In The Gospel of John, Jesus says, “this man was born blind so that God’s works might be revealed in him.” (John 9:3) Does the revelation of God’s healing power “avail” against the enormity and randomness of human suffering? Again, it depends on what is meant by “avail”.

Neither miraculous healing nor artistic commentary can remove the contingency of the world and the helplessness of the human condition. In his poem, Paul Mueller wrote of my mother, “her consolations broke my heart,” but he also knew that her eleven-year widowhood was a time of inconsolable loneliness, a loneliness that prompted her to write as follows…

AFTER DEATH

“I shall but love thee better?

Yes, I do. But must despise the term.

Better is blacker than our ancient car.

Better is sadder than our old dog’s death.
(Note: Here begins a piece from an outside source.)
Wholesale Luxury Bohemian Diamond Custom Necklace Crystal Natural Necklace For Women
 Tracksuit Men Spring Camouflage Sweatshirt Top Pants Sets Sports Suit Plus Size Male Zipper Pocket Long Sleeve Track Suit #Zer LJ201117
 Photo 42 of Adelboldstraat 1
Better is saltier than all my tears.

Better is longer than the longest day,

The longest week, month, year.

Better is wakeful in the nightingale hours.

Better is dreaming of you as you were.

Ah yes I love thee better, bitter, better, now.”

Such words do nothing to remove suffering. For me, the effect is more the opposite: they invite me deep into my mother’s inconsolability, and into her transcendence of it, while it yet abides. Jesus did not heal the Man Born Blind as a stunt, to demonstrate divine power over adversity. Indeed, to do so could serve to deepen alienation and despair, since the obvious question is, “why did God wait so long to act?” Or, even more obvious to me, “What about all the other blind beggars?” Jesus’ healings, in addition to being expressions of compassion, were expressions of solidarity with all those scapegoated and cast out as “sinners” by the pious. In doing so he, symbolically, gouged out his own eyes, forged a bond with every blind beggar and forlorn widow, and foreshadowed his own rejection and scapegoat’s death upon the cross.

So the artist is not a Savior, whose work “avails” to insulate us against life’s worst onslaughts. Not even The Savior is a “Savior” in that sense. The best writing, and preaching, and praying, lifts, expands, and deepens our experience of the world, so that we do feel “our lives turn into stories”, and our hearts swell and break and disappear and resume their beat again, and the night-song of frogs and bugs becomes a choir, and the works of God are revealed in us.